The Top of Utah Marathon in Logan is beautiful. You start about 17 miles up the canyon at Hardware Ranch and run down. The race organization, support and volunteers could not be better.
Running Sherpa and I drove to Logan Friday night after grandpa's party. We got there right at 9:00pm just in time to pick up our packets. I didn't know it when I made hotel reservations but packet pick up was at our hotel. Speaking of hotels, if you need a hotel in Logan the Marriott Springhill Suites is very nice.I laid out my running clothes so everything would be ready in the morning. We got up at 4:15 (3:15 CA time), got ready, ate breakfast at the hotel and went down to Merlin Olsen park to board our busses. When we got to the top there was just enough time to stand in the port a pot line and line up at the start. It was cold but not too bad, I had the black jersey in the picture over my regular shirt. Craig had told me this was a much harder marathon than St. George, he did it when he was doing the Grand Slam and didn't really have a good day. My goal was to do a 5 hour marathon and I fell short, way short. I figured if I kept my pace about 5.2-5.3 mph till about mile 20, I could slow down for the last part which is harder. I'm not sure what happened, my Garmin said I was at 5.2 average at mile 13, but the clock time was about 2:45, I was very discouraged, even subtracting for my chip time start I was off. I ran pretty well till we hit the bottom, the last 10 miles or so are flat/slightly uphill, you can see the Logan temple where the race ends but you still have 10 more miles. According to Milliseconds I was still on track for my 5 hour plus a few finish, but somehow in the last six miles I lost it. Literally and figuratively. The streets kept winding around zig zagging, my pace slowed to hardly a jog, the race walkers passed me and I thought I was still running. It took forever to finish, the last mile I wasn't sure I could go on, I had blisters, my legs felt like stumps and I was an emotional wreck. Then at mile 25.5 or so "I'm a Loser" by the Beatles came on my iPod, it was all I could do not to cry, I couldn't breathe, I just wanted to sit down on the curb and quit. I pulled out my earphones and just kept going and going, where was the finish line....You had to keep running down this street and still make two more turns, too many turns. Yeah I finished but I couldn't smile, I couldn't talk, I was pretty miserable. When we finished there was a nice shady spot for the runners to sit on the lawn, I wanted so bad to sit down, but even with Craig helping me I couldn't sit on the ground.

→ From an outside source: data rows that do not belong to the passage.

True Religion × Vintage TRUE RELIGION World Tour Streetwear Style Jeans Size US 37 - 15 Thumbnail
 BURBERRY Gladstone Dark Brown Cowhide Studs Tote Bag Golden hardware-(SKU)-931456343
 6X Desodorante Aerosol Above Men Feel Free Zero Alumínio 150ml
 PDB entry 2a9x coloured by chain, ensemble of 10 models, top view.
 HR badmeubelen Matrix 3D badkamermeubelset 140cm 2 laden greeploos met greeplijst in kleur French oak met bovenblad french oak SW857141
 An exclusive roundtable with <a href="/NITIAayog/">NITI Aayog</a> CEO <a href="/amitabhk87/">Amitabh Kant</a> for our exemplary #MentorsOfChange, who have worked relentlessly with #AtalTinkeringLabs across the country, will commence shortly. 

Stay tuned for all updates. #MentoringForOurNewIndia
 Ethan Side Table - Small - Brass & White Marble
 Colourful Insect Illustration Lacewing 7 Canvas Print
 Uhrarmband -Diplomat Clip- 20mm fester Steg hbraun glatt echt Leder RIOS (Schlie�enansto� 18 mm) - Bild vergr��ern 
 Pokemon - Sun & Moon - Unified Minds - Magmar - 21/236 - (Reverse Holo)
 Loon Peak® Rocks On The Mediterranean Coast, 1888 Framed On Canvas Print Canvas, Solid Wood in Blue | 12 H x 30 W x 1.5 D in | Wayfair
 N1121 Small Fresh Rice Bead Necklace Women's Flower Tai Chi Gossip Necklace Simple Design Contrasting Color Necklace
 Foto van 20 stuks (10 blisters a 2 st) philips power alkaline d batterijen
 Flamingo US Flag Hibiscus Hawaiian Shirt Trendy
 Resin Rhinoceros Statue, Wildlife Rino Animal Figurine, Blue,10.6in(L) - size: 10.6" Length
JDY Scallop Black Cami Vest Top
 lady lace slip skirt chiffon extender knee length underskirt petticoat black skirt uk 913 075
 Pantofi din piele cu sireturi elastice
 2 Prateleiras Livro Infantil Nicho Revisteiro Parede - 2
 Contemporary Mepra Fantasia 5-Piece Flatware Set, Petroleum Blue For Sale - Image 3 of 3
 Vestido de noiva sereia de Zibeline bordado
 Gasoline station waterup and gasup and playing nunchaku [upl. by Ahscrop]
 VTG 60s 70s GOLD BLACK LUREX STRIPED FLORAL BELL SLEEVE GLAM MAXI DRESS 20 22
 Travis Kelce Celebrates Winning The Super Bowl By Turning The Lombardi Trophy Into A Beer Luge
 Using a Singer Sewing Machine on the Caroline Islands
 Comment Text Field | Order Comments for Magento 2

I definitely felt the altitude at the start I could feel it, and at the end when I was getting a little too emotional I started having a hard time breathing which hasn't happened before. Craig had Motrin in his pocket for me but it had fallen out in the car and my IT band flared up and really hurt the last 10 or so miles. Maybe he left it in the car on purpose, at St. George last year when I told Kerri how much I had taken she said, "Mom! You're not a twenty year old guy!"
This is a scenic marathon, don't let the elevation profile fool you, the bottom part is very hard. I don't think I would do it again but that's only because I didn't have a great experience. I really was undertrained. As far as scenic and race management, I would have to give this race a thumbs up. I'll put some pictures up when I get them.